I emailed Beth a couple days back to tell her that I might be down for a visit soon. When the subject of food came up, as it so often does, I asked if she would mind sharing her recipe here. She said that would be okay.

Lucky for you.

Beth's Famous Pie Crust
Yields one 9-inch crust

1 ¼ cup all purpose flour (I prefer King Arthur)
¼ tsp salt
¼ tsp baking powder
1 tbsp buttermilk powder (optional, but I prefer using it)
6 tbsp unsalted butter, cut into small pieces and chilled in the freezer to make it super cold
4 tbsp rendered leaf lard, cut into small pieces and chilled (also in the freezer)
3-5 tbsp cold water with 1 tsp chilled cider vinegar added (Note: mix and chill a little extra in case you need more; chill these in the freezer also)

In a large bowl combine until evenly distributed: flour, salt, baking powder, and buttermilk powder (if using).

With a pastry cutter, cut in half of the shortening into the flour mix; then cut in the other half. The dough should look like clumpy sand.
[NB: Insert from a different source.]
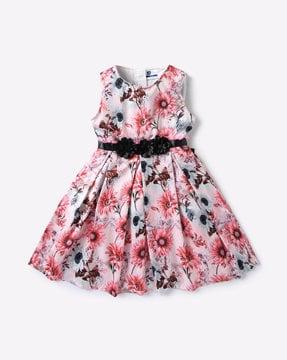 floral print fit & flare dress with florests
From this point on, it's very important to handle the dough gently to avoid winding up with a tough crust.

Add the chilled water/vinegar one tbsp. at a time, mixing very gently with a fork.

When mixture will hold together into a ball (but is not wet) it is done.
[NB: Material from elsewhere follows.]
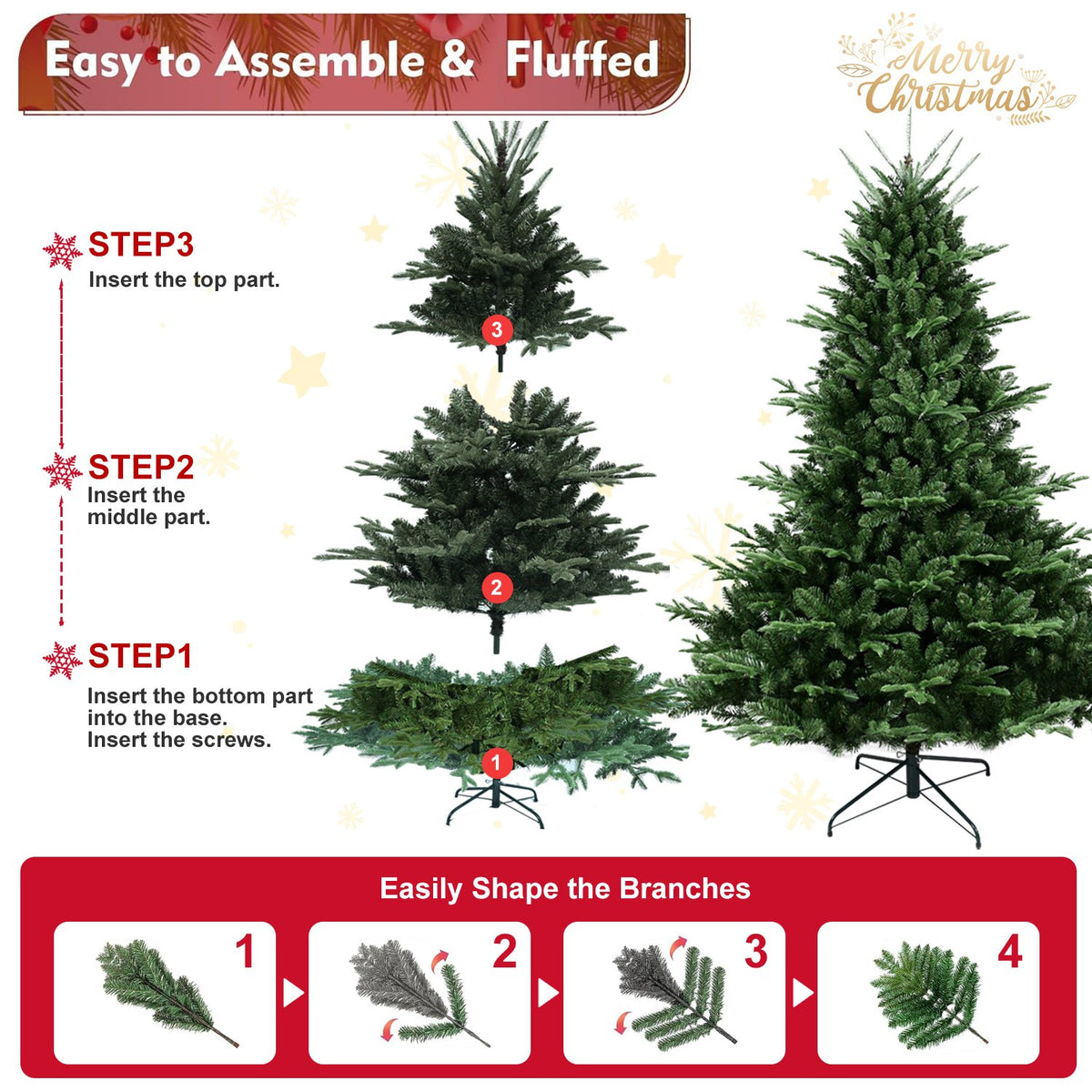 Nordic Fir Artificial Christmas Tree with Extra Wide Branches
Gather it into a ball, wrap in plastic wrap and flatten into a disk.

Chill before rolling out and preparing the pie of your choice.

When pie is finished, make sure to give a little taste to my friend Meatball. He loves the stuff.


Claudia said...

Now that's worth of chowing down without any filling! How to find buttermilk powder.... in Minnesota....

Dan in Winter Harbor said...

Yes, lard and butter. Now the secret is out! If only someone could sweet talk a certain associate for the filling recipe! Nah, the sweet talker would be identified as such before the first sentence emanated off his silver tongue.

Buttermilk powder can be obtained from the KAF website at:

Charlene Ann Baumbich said...

If this tastes half as good as it looks, I'm all in. BTW, shared it with my FB folks. THANK YOU, Beth and Mr. Meatball.

Unknown said...

Do you vary this at all when used with a sweet filling?

Mister Meatball said...

From Beth:
Not usually, I like the contrast of the savory crust to the sweet filling. But once in a while, if a specific pie recipe calls for sugar in the crust or an all butter crust, I will give it a try for a change of pace.